• Task to carry out:
A word-for-word copy of the lines below, starting at the line with "Dansko Sonja-Black Oiled" and ending at the last one, is what you should give. Omit every picture.

• Given information:
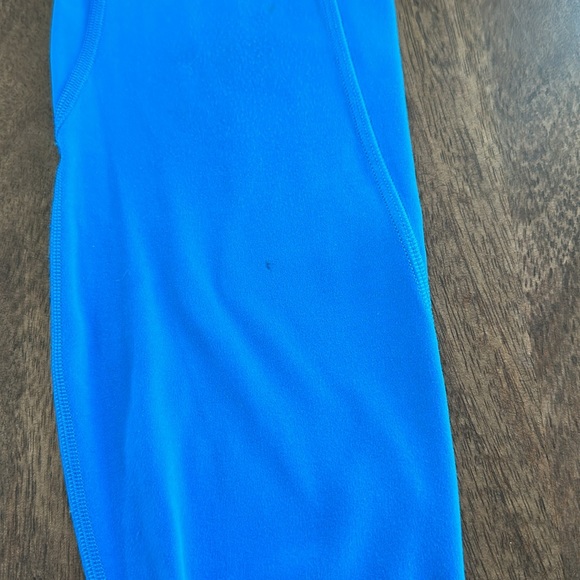Lululemon blue, cropped size 2 yoga pants with pockets. - Picture 2 of 3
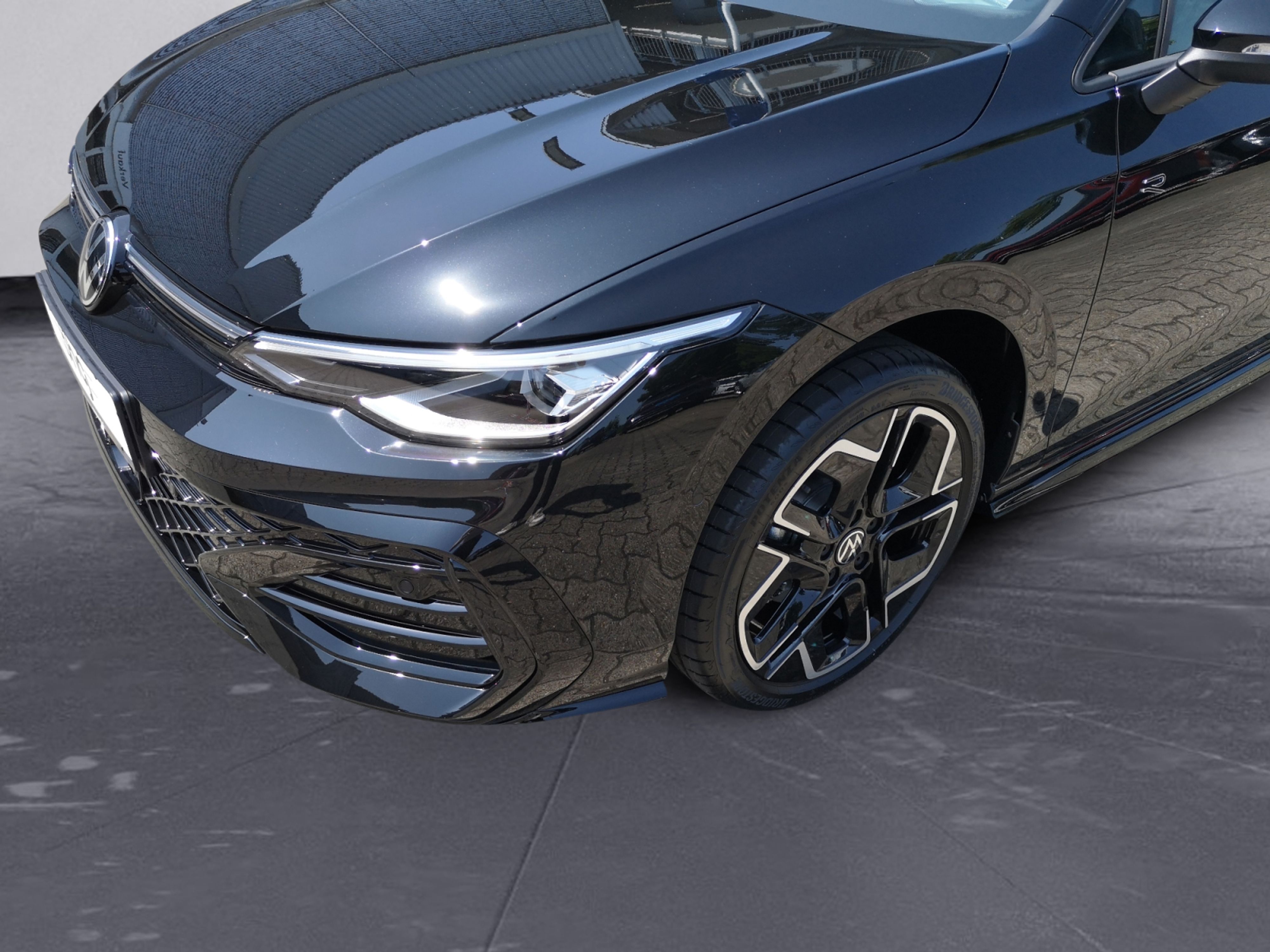 Volkswagen - Golf 1.5 TSI R-Line DSG #Panoramadach #HuD #LED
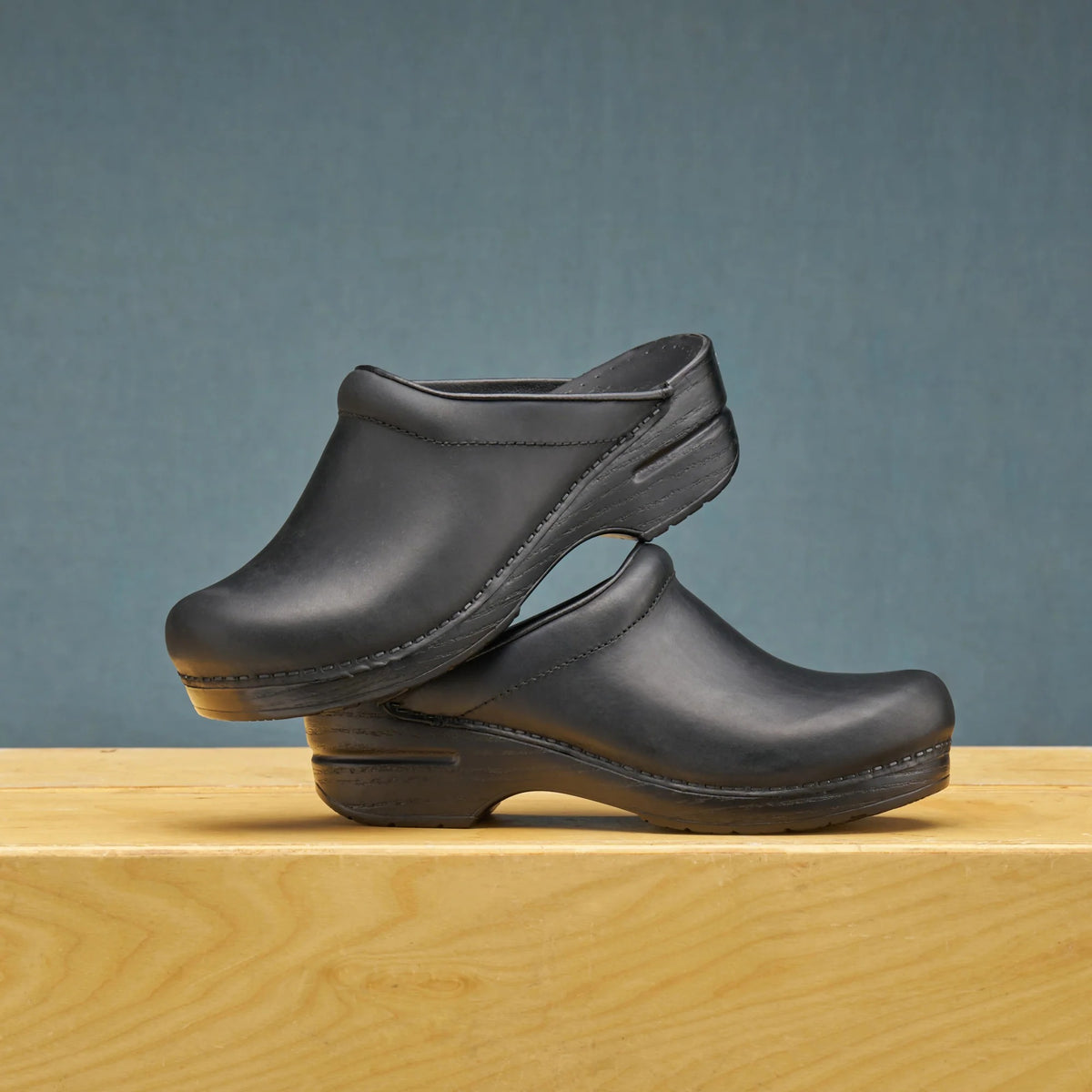 Dansko Sonja-Black Oiled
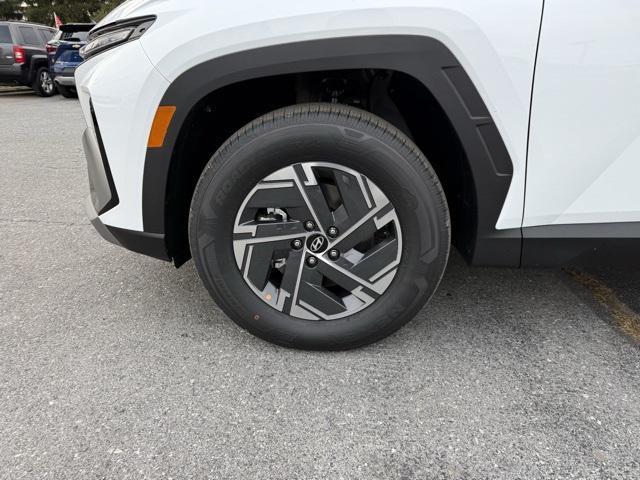 new 2026 Hyundai TUCSON Hybrid car, priced at $31,060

• Exercise solution:
 Dansko Sonja-Black Oiled
 new 2026 Hyundai TUCSON Hybrid car, priced at $31,060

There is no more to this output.